Если отчаявшееся Я является активным, его отношение к себе самому в основе своей остается опытным, каким бы великим или поразительным ни было его предприятие и каким бы он ни был настойчивым. Не признавая над собою никакой силы, он лишается внутренней серьезности и может волшебным образом создать лишь ее видимость когда сам посвящает своим опытам самые честолюбивые заботы.
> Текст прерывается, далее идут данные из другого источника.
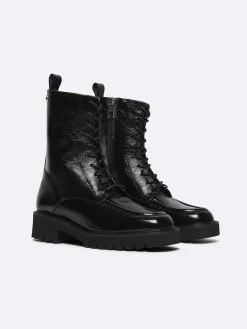 Black Naplack Leather Lace-Up Ankle Boots-Carel Store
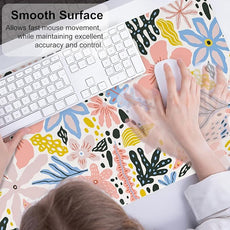 QIYI Floral Large Mouse Pad, Cute Desk Mat for Desktop, Women Girls Desk Accessories Office Décor, PU Leather Waterproof Big Gaming Mousepad, Doodle Flowers Desk Pad Computer Mat, 31.5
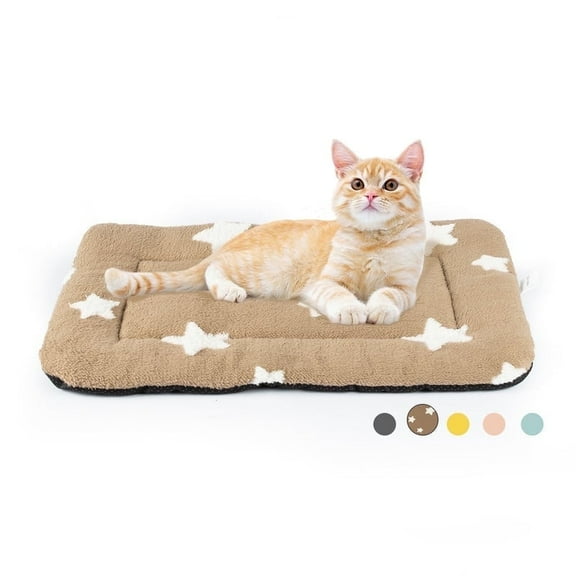 Dog Crate Mats with Non Slip Bottom Washable Dog Bed for Cage Soft Dog Crate Pad with Star Pattern, Brown, 22*13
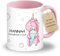 LOOXIS Personalisierte Tasse für Kinder mit Namen, Text & Motiv bedruckt – 325ml, Keramik, versch. Farben – Geschenkidee Jungen, Mädchen, Einschulung, Kindergarten – Rosa, Schultüten-Einhorn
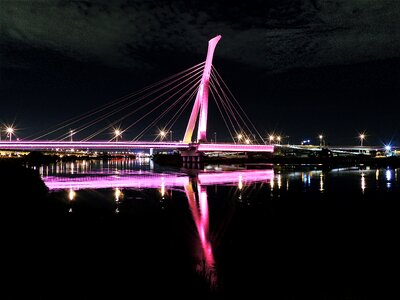 Lightened Bridge during Nighttime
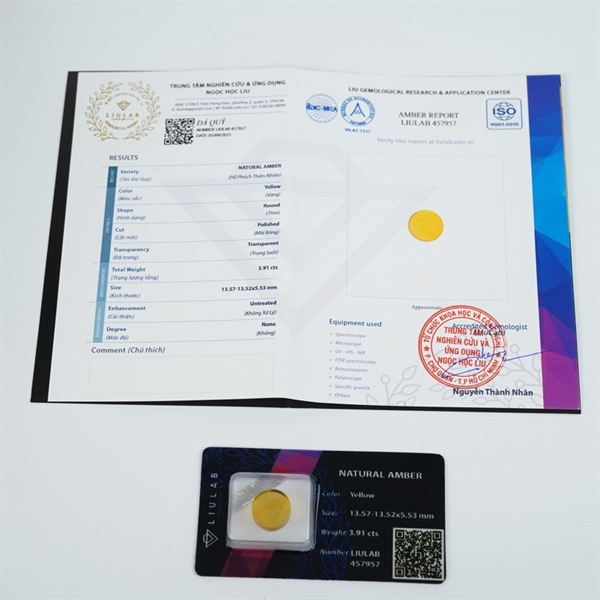 Lõi nhẫn hổ phách vàng sz13.57x5.53 (457957)+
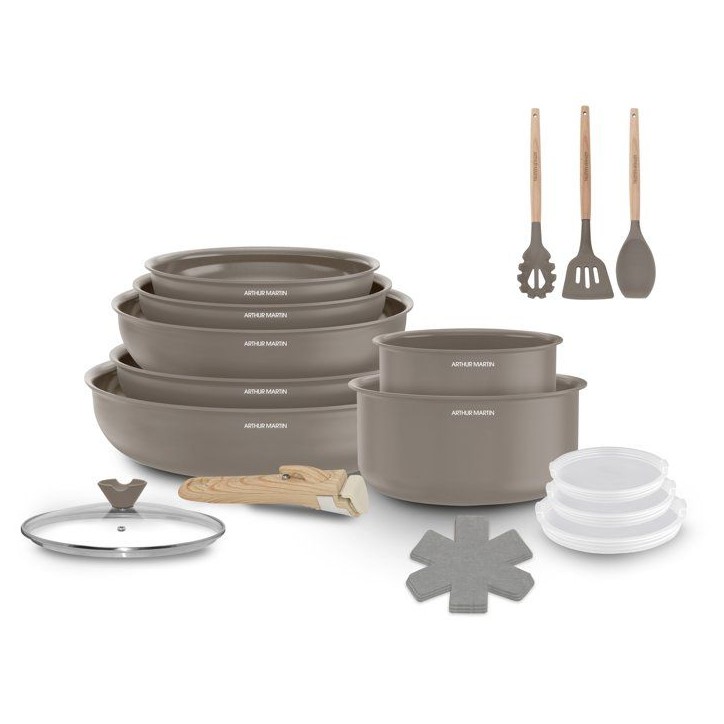 Batterie de cuisine - Tous feux dont induction - ARTHUR MARTIN – Revetement céramique - 18 pieces - Poignée amovible effet b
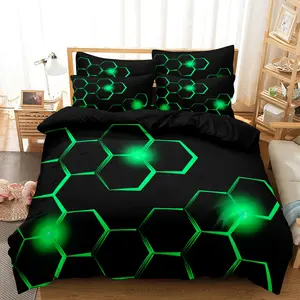 3pcs Hexagon Printing Bedding Set, Black Green Geometric Duvet Cover, For Bedroom and Guest Room - Includes 1 Duvet Cover and 2 Pillowcases (Core Not Included)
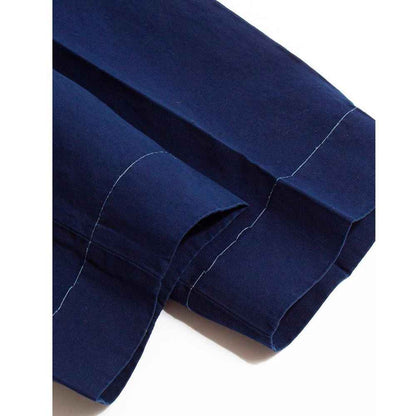 Blue Cotton Casual Pants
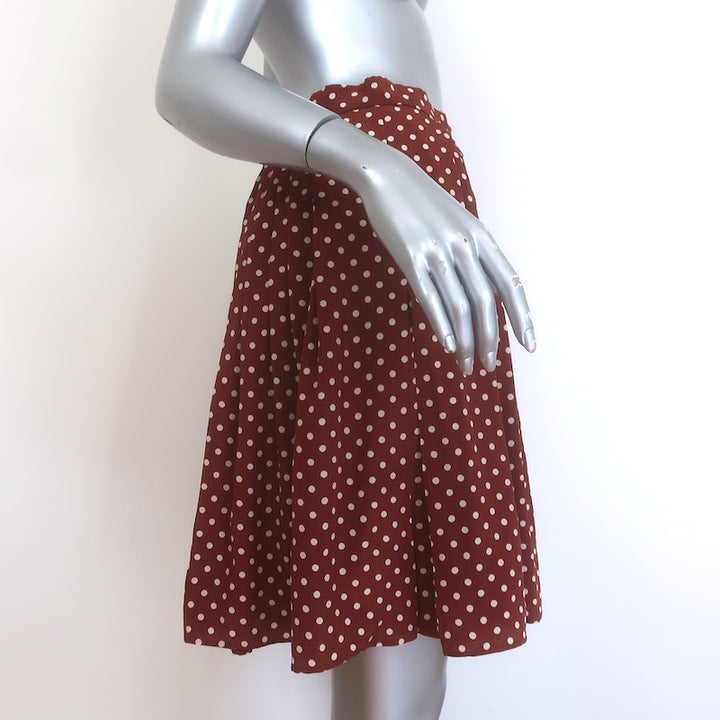 Prada Polka Dot Pleated Skirt Brown/Cream Silk Crepe de Chine Size 40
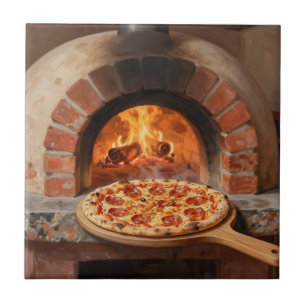 Azulejo Pizza de Pepperoni a la Leña Rústica Italiana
Но это обманчивая серьезность: подобно тому огню, который похитил у богов Прометей, здесь у Бога похищают мысль, с которой он на нас глядит, ибо в ней заключена серьезность. Но отчаявшийся все продолжает глядеть на себя, надеясь таким образом сообщить своим предприятиям бесконечный смысл и интерес, тогда как он, по существу, просто ставит опыты. Ибо, не простирая свое отчаяние до того, чтобы в опыте возвыситься Богом, никакое производное Я не может глядя на себя, придать себе больше, чем оно имеет; в последнее мгновение всегда есть только это Я, даже если оно умножается, это Я — ни больше ни меньше. В этом смысле, совершая отчаянное усилие, чтобы быть собою, Я погружается в свою противоположность, пока не кончает тем, что более не является таковым. Во всей диалектике, которая сопровождает такое действие, нет ни одной постоянной точки; ведь это Я ни в одно мгновение не остается неизменным вечным постоянством. Мощь, которую проявляет его негативная форма, столь же развязывает, сколь и связывает; оно может, когда желает, начать сначала, и, какие бы следствия при этом ни извлекало, следуя за развитием мысли, его действие всегда остается внутри гипотезы. Далеко не преуспев в том, чтобы все более и более быть собою, оно проявляется, напротив, все более и более как гипотетичное Я. Конечно, Я хозяин у себя, как говорят, абсолютный хозяин себя, — и отчаяние заключено как раз в этом, — но также и в том, что оно считает своим удовлетворением, своей радостью. Впрочем, при ближайшем рассмотрении вам нетрудно убедиться, что этот абсолютный князь — всего лишь король без королевства, который, по сути, ничем не управляет; его положение, сама его суверенность подчинены диалектике, согласно которой во всякое мгновение здесь бунт является законностью. Ведь в конце концов все здесь зависит он произвола Я.